Kimileriyse bizi kullanarak çoğalır, canımızı içeriden yer, hayatımızı ele geçirirler. Salgın haline geldiklerinde kralları devirmiş, imparatorları dize getirmiş olanları var.

Çoğu kişi çocukken kolumuzda izi kalan aşıların tam da bu tür salgınlar sebebiyle icat edildiğini, virüs üstüne yapılan tartışma programlarını izleyince hatırladı. Televizyon karşısında geçen konforlu hayat birkaç nesil önce neler yaşadığımızı çok çabuk unutturmuştu.

Virüsler tarih boyunca çok şeyi değiştirdi. Örneğin Orta Çağ’da yaşanan kara vebadan sonra Dünya artık başka bir yerdi. İşler iyiye mi kötüye mi gitti tartışılır ama keskin bir kırılmaya sebep olduğu ortada.

İnsanlık önce krallıkları, sonra onların etrafında çöreklenen soyluları, cebi şişkin tüccarları önemsedi. Özetle olaylar her zaman güç ve paranın etrafında gelişti.

Bugün en çok insanın hayatını kaybettiği ülke olan Amerika’nın sistemi gibi görülen kapitalizm yeni bir kıtada icat edilmiş değil, aksine o yeni kıtayı kuran bilinç.

Çoğumuzun zihnine Amerika’nın keşfedilmiş bir kıta olduğu bilgisi yerleştirilmiştir. Oysa kapitalistler o topraklara ulaştığında kıtada on binlerce yıldır yaşayan başka insanlar vardı. Ortada keşfedilmiş bir şey yok. Aksine gemilerle vebayı yeni topraklara taşıyan da kapitalizmdi.

 2025 yılında Dünya nüfusunun 8 milyara ulaşacağı hesaplanıyor. Bu rakamın 1930’da 2 milyar olduğunu düşünün. Ne kadar kısa sürede nasıl katlanarak arttığı çok açık.

En az virüsler kadar hızla çoğalıyor, sürekli tüketip iklimi etkiliyor, Dünya’nın canını yakıyoruz. Bu kadar insanın gezegeni imha etmeden, adil bir sistemle nasıl yönetilebileceğine dair gerçek bir planı olan kimse yok kürsülerde.

Kara veba o dönemin gerginliğinin kırılma noktasına dönüşmüş ve halk sesini yükseltmişti.
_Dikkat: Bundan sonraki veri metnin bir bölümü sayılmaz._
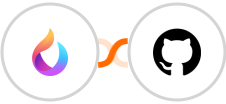 HelpSpace + GitHub Integration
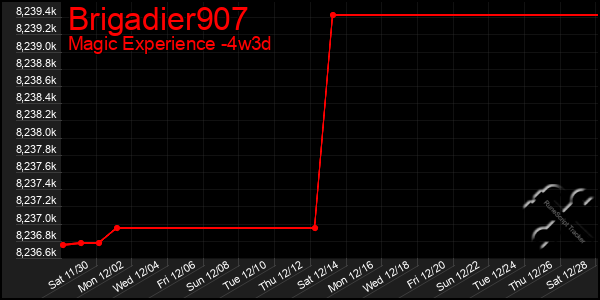 Last 31 Days Graph of Brigadier907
Yaşananlar baskıcı kanunların çıkması ve başka kıtaları sömürmeye doğru giden yollar açmıştı.

Halbuki yüzyıllardır kralların, liderlerin, kurulan parlamentoların tek bir amacı olmalıydı, insanın sosyal adalete ve refaha kavuşması.

İnsanlık macerası bir süredir pek çok kişinin ilgisini eskisinden daha çok çekiyor. Popüler antropoloji kitapları en çok okunan kitaplar arasına girebiliyor.

Durup dururken insanların kendi köklerine, toplumların nereden gelip nereye gittiğine dikkatli bakmasının bir sebebi olmalı. Belki de insan, bu işin böyle gidemeyeceğinin farkında ve bir çıkış arıyor.

Sosyal adalet çok uzun süredir kavram olarak kitaplarda yer bulsa da hayata geçirilememiş bir ideal.

Güç ve para üstüne kurulu iktidarlar yaşananlardan ders almadı.

Onların aklıyla yürünen yoldan, kapitalizmin esiri küresel bir Dünya yaratmaktan öteye gidilemedi.

Bakalım bu virüs bu kez kimleri sallayıp düşürecek. Mikroskop altında bir taç şeklinde görüldüğü söylenen bu virüs kimlerin tahtını sallayacak göreceğiz.